E vai con il mate, con l’asado, con gli abbracci. Il trio argentino della Roma esulta: l’ultimo tango di Paulo Dybala è rimandato a data da destinarsi. Ciao sciocchi, arrivederci sceicchi. All’ora di cena il post di Leandro Paredes, uno degli amici più cari, ha trasmesso in maniera eloquente l’umore dei connazionali dopo il Grande Annuncio: “Se ancora non l’avete capito, la Joya resta con noi!”. È stato uno dei primi, Paredes, a sapere cosa stesse succedendo, come questa storia straordinaria stesse scrivendo un colpo di scena finale in pieno stile Friedkin. E l’ha voluto urlare al mondo, con entusiasmo sincero al quale si è aggiunto ovviamente Matias Soulé con like e cuori a profusione.
Sarebbe stato un peccato tecnico dividere due giocatori che si erano scelti dopo una paziente conoscenza: Soulé aveva lasciato la Juventus dopo il martellamento di Dybala, che spingeva per farsi raggiungere nello spogliatoio perché scrutava nel piede sinistro dell’argentino più giovane la prospettiva dell’erede. I due si erano annusati lo scorso anno quando Mati imparava la Serie A a Frosinone.
In ogni momento libero Soulé prendeva l’autostrada e si spostava a Roma, dove seguiva la scia della brace senza nemmeno guardare il navigatore: sono stati momenti spassosi tra ragazzi a Casalpalocco, con Paredes elemento per niente secondario della triade, che hanno posto le basi su una possibile collaborazione professionale. “Mi chiamavano tutti i giorni” ha raccontato l’ultimo arrivato appena messo piede a Trigoria.
Poi lo shock, la Roma che pensa di vendere Paulo, lui che a malincuore accetta l’addio, dopo un esordio buttato a Cagliari in cui la distrazione dell’incertezza ha probabilmente sottratto due punti alla squadra. Un castello di carta velina franato sotto i colpi della sabbia dorata degli arabi.
Approvano anche il capitano Pellegrini, Zalewski che cita i Queen con un bizzarro «The show must go on», e poi El Shaarawy che commenta con i cuori, Bove che di Dybala è un altro fratello minore, Abraham che lo stima enormemente, Dovbyk che si sente in debito, tanti altri.

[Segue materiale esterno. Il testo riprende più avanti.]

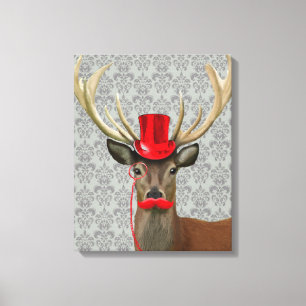 Lienzo Venado con Gorra rojo y bigote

In questo momento a nessuno importa se la conferma di Dybala migliorerà la Roma. L’unico valore che conta è quel senso di grandezza che un campione straordinario, ancorché fragile e timido, ha saputo trasferire alla squadra. Dybala, come Mourinho prima di lui, non è garanzia di trofei. Infatti non ne ha vinto ancora uno in due anni. Dybala è la speranza che si possa vincere. Questa idea a volte è già sufficiente a sorridere.